The Brotherhood of Assassins
The Brotherhood of Assassins

And then there are the Sacred Places, the last kind of tile found in the desert. They are were the Elders summon powerful djinn for you. You pay either two Elders or an Elder and a Slave and pick one of the three open djinn cards. Those djinn are very powerful indeed, but they are also very specific in their powers. Some of them, like Nekir and Ba’al, give you free money when a specific action is taken. Nekir, for instance, pays you every time the Assassins kill someone. Others, like Shamhat and Haurvatat, give you more points for something at the end of the game. Getting four points per Elder instead of two thanks to Shamhat makes a big difference. And then there are a number of djinn that offer their services for a price, payable in Elders and/or Slaves. That sounds expensive – and inhumane, if you think about it too much – but for abilities like placing a palm tree on any Oasis, or taking control of any empty tile, it’s a low price.

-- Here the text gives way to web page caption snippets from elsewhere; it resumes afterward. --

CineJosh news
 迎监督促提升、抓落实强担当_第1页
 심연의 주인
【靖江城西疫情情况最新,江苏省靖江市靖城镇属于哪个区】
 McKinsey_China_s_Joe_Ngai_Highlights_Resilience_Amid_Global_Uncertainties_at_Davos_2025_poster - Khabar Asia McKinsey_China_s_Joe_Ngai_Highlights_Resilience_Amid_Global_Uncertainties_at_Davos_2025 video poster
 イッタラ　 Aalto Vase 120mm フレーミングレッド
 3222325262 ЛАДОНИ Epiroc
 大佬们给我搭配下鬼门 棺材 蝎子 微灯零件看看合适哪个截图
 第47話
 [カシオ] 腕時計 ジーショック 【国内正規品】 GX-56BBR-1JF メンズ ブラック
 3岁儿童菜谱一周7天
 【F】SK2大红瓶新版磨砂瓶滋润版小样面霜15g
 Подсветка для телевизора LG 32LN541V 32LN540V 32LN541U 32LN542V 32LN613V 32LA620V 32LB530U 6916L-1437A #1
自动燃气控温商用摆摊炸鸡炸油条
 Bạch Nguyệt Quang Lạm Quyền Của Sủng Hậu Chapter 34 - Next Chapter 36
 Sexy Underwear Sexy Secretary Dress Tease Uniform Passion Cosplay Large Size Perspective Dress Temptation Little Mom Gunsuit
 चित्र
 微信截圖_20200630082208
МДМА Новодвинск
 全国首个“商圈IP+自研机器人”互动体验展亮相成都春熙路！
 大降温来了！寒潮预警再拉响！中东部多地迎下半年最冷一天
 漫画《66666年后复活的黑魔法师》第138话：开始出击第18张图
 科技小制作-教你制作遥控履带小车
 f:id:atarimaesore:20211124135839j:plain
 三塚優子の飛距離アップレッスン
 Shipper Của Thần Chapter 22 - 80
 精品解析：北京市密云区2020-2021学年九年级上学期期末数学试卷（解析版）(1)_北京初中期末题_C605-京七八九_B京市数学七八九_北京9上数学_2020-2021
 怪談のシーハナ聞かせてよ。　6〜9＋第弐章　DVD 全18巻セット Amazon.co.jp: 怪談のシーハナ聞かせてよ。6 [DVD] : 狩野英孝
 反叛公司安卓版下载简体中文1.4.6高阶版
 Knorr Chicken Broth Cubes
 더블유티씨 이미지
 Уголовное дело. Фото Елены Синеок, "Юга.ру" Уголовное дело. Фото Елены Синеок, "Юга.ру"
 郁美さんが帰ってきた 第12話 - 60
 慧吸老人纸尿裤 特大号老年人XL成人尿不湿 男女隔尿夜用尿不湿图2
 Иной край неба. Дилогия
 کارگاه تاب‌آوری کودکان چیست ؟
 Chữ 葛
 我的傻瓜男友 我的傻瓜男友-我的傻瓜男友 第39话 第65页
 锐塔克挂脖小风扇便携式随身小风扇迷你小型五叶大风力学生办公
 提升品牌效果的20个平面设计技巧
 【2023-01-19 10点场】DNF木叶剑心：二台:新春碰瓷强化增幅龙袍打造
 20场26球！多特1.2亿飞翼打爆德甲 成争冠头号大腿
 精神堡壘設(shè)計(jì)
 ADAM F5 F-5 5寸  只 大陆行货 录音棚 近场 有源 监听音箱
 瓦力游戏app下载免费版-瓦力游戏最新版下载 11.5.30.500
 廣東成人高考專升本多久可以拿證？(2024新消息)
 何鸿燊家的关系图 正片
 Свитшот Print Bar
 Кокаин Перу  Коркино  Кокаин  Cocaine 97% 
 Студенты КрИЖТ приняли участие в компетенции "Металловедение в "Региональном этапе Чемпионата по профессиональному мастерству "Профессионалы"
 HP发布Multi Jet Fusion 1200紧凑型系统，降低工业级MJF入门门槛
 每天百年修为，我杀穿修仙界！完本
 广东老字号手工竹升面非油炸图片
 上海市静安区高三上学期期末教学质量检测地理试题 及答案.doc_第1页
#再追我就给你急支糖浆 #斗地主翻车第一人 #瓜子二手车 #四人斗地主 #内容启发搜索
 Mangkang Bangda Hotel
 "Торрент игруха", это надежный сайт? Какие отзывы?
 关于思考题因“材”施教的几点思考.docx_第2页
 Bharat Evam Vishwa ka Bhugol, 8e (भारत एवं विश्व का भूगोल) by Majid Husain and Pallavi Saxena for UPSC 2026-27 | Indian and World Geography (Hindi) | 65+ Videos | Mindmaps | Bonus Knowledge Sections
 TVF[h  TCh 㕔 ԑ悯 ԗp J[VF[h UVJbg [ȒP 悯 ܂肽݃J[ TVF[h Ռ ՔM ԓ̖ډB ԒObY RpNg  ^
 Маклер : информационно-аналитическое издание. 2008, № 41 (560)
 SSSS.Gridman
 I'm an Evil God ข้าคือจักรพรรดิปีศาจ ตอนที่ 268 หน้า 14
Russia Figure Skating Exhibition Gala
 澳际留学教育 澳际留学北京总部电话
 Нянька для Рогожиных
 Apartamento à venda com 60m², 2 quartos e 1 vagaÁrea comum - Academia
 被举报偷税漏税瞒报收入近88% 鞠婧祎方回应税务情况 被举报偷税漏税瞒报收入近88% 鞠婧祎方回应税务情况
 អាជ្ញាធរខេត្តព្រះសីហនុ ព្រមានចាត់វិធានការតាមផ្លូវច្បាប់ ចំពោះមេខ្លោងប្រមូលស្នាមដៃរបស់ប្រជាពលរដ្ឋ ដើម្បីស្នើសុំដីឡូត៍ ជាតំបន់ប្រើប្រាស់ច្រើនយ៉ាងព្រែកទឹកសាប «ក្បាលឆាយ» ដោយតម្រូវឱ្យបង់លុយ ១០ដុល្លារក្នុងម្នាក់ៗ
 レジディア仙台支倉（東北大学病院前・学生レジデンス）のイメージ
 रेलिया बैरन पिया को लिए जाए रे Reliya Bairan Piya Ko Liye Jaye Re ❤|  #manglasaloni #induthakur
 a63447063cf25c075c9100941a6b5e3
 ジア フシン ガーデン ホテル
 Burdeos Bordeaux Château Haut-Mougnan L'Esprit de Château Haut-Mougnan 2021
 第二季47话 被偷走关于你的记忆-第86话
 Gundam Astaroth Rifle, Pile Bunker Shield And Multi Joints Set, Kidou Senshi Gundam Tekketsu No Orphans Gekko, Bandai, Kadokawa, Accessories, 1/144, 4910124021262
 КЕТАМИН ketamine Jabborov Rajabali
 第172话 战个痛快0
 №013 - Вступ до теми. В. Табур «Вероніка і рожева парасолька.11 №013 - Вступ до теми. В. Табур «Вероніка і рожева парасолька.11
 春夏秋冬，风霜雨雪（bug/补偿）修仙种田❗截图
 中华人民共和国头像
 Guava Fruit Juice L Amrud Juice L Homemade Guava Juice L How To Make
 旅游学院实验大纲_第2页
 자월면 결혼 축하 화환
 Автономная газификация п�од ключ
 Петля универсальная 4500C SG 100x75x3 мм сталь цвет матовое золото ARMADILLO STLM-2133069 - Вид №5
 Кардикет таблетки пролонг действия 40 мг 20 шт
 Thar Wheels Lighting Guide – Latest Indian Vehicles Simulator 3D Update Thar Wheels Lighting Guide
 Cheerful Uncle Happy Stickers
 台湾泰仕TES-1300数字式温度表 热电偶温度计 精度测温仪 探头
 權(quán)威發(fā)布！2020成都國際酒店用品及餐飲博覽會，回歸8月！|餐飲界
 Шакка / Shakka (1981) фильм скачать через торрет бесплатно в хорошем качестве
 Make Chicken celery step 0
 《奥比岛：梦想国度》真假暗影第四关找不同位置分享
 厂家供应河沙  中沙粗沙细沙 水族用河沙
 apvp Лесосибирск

Which djinn you can get early in the game has a big influence on your strategy. Getting three points for a Vizier instead of one is a good incentive to collect them, just like being able to place palm trees simply paying a Slave is a great reason to control some Oases. But to get the djinn you want, when you take your turn is important. In fact, to get any djinn or resource cards at all, turn order is important, because both are only refilled after each round. That’s where the last clever bit of Five Tribes comes in and where most of your money goes to: you buy your place in the turn order, and going first can become really expensive. In the order of the previous round, players pay for a spot in the turn order for the next. To go earlier, you will have to pay more, up to a maximum of 18 coins. Seeing that you start with fifty, and you usually don’t get that much from the Builders, you better be very sure you have to go first.

Magic of Arabian Nights
Magic of Arabian Nights

Paying for turn order is one way players interact in Five Tribes. There is very little direct interaction, really only when you kill another player’s Viziers or Elders, but there is a lot of competition for very limited resources. Three djinn per round, nine resource cards, a limited number of bedoueeple on the board and, especially late in the game, only a few options to get the tribe you want or the tile you want, let alone both at the same time. And what resources you need is not all you have to think about. There are very different strategies in Five Tribes – collecting resource cards, controlling valuable tiles, getting just a few villages but filling them up with palaces, … – and you have to decide what you want to score the big points with and then make it work. And all those strategies do have a chance to win, usually when coupled with a healthy dose of opportunism for picking up other points where you can. Combine that with the more tactical consideration where you can make a good move that helps your strategy, ideally in more than one way, without giving your opponents a too big opening for their own move. Nevertheless, the rules take about five minutes to explain, there are no exceptions to any rule that you’d have to remember, getting ready to play takes about as long as ripping the plastic wrap from the box.

So I hope you understand now why I was upset not to see Five Tribes in the Kennerspiel des Jahres selection. It’s exactly the type of game I would expect to see there, with simple rules yet strategically interesting, interactive almost without negative interaction and looking as good as we’ve come to expect from Days of Wonder. If Scheherazade had introduced Five Tribes to her Sultan, he’d have given up on beheading her after the second night. And if I was betting on the Spiel des Jahres awards, I’d be a whole lot poorer now.